• [GOAL OF THE EXERCISE]: Only the lines below from the one that contains "Maackia amurensis image" through the one that contains "LEON-Y-TOSO-PAISAJISMO_-2" should appear in your answer, exact and without pictures.

• [DATASET CONTENT]:
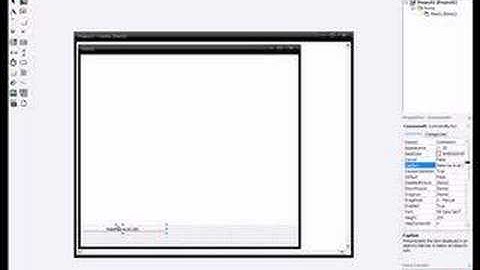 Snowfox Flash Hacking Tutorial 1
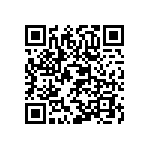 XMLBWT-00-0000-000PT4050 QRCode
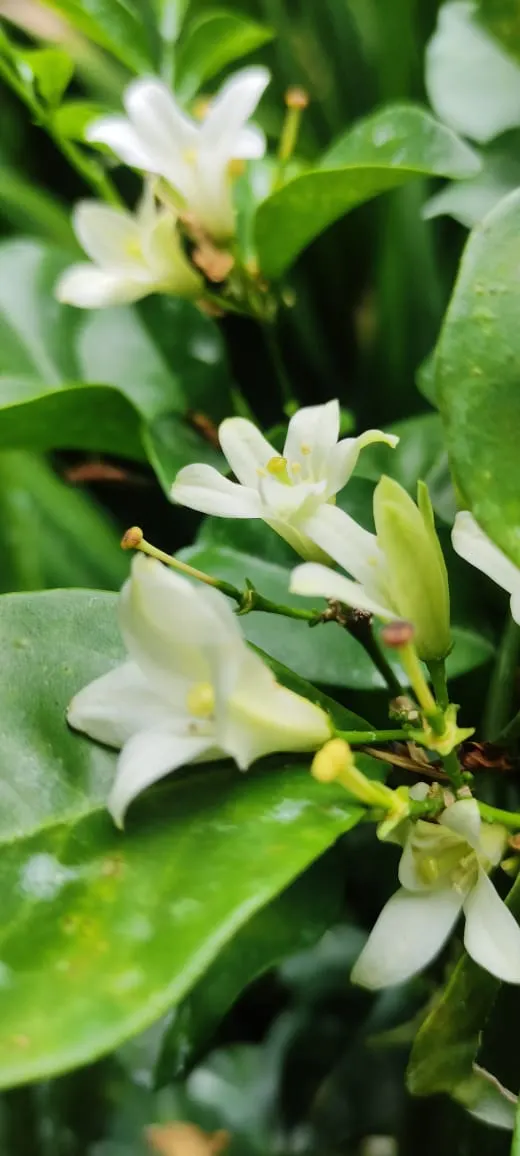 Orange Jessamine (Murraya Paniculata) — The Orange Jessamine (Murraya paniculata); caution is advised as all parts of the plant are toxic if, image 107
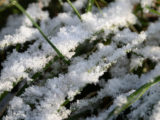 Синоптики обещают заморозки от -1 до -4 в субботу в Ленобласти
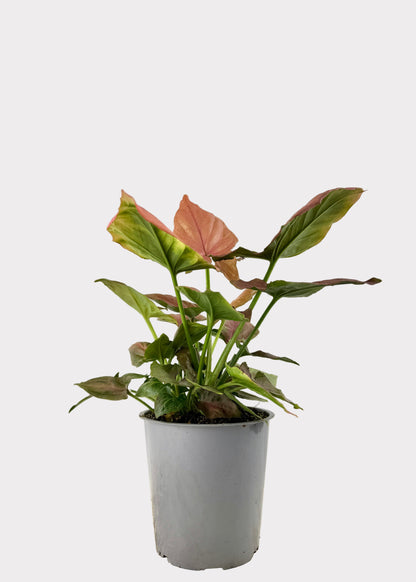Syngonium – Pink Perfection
==
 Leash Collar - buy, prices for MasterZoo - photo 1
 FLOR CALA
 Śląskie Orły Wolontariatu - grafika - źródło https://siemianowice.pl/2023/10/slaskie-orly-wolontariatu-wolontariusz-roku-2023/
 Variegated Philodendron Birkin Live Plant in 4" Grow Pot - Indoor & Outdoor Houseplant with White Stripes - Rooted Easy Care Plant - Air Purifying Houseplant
--
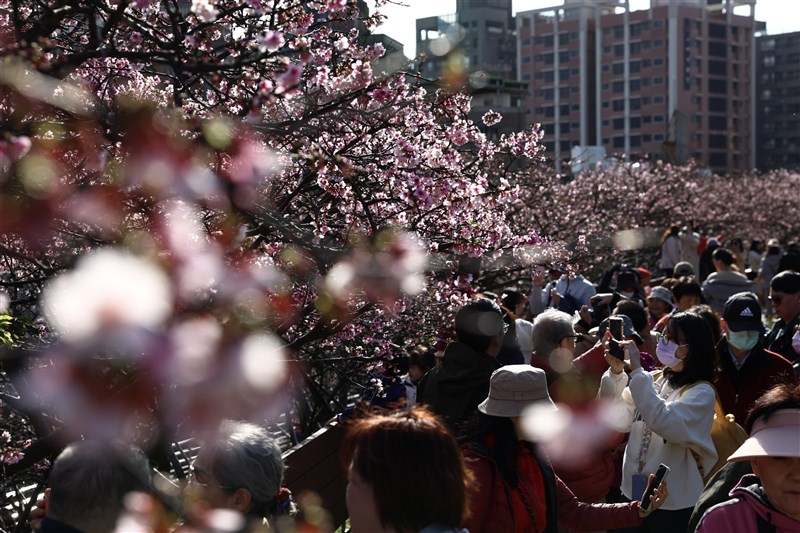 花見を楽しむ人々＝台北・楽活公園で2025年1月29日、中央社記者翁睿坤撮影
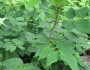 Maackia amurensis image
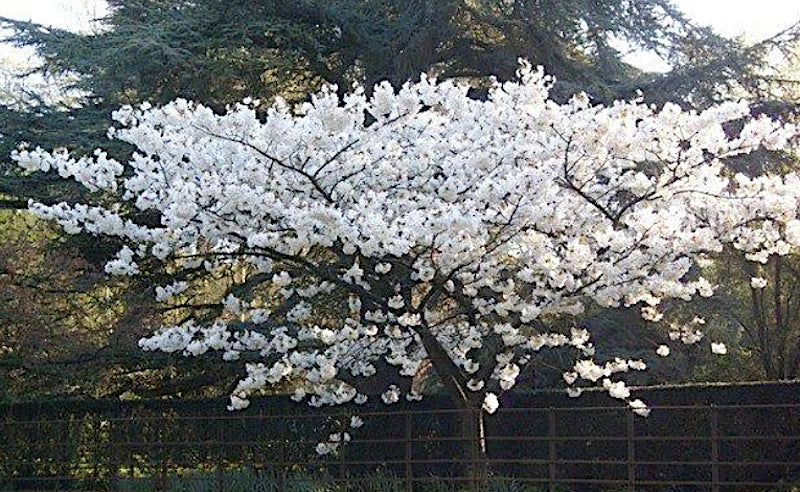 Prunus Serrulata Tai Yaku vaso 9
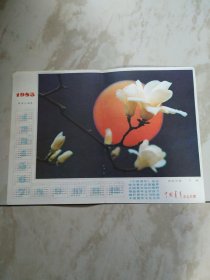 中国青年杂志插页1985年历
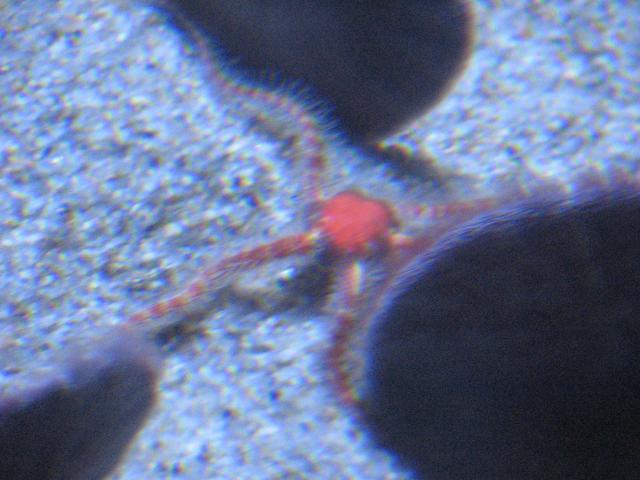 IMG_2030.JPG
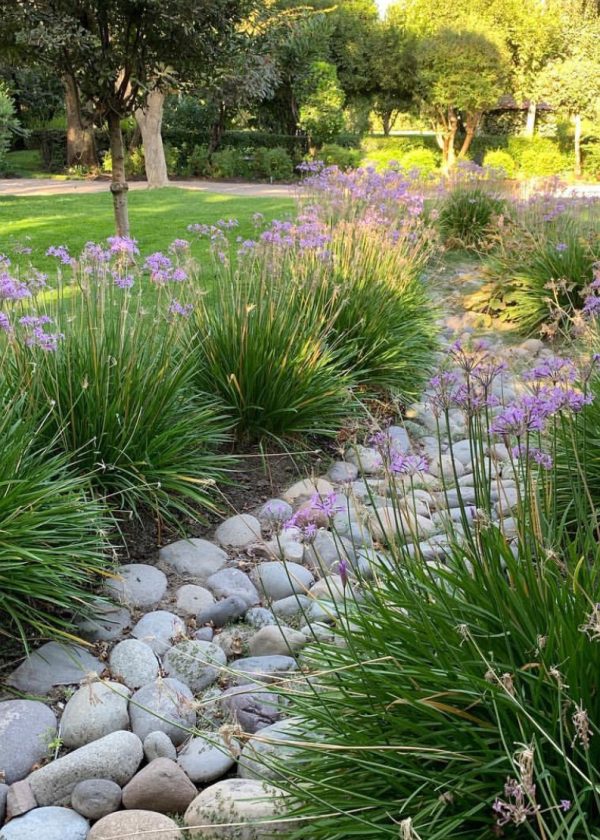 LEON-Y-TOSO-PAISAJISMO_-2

• [SOLVED PROBLEM]:
 Maackia amurensis image
 Prunus Serrulata Tai Yaku vaso 9
 中国青年杂志插页1985年历
 IMG_2030.JPG
 LEON-Y-TOSO-PAISAJISMO_-2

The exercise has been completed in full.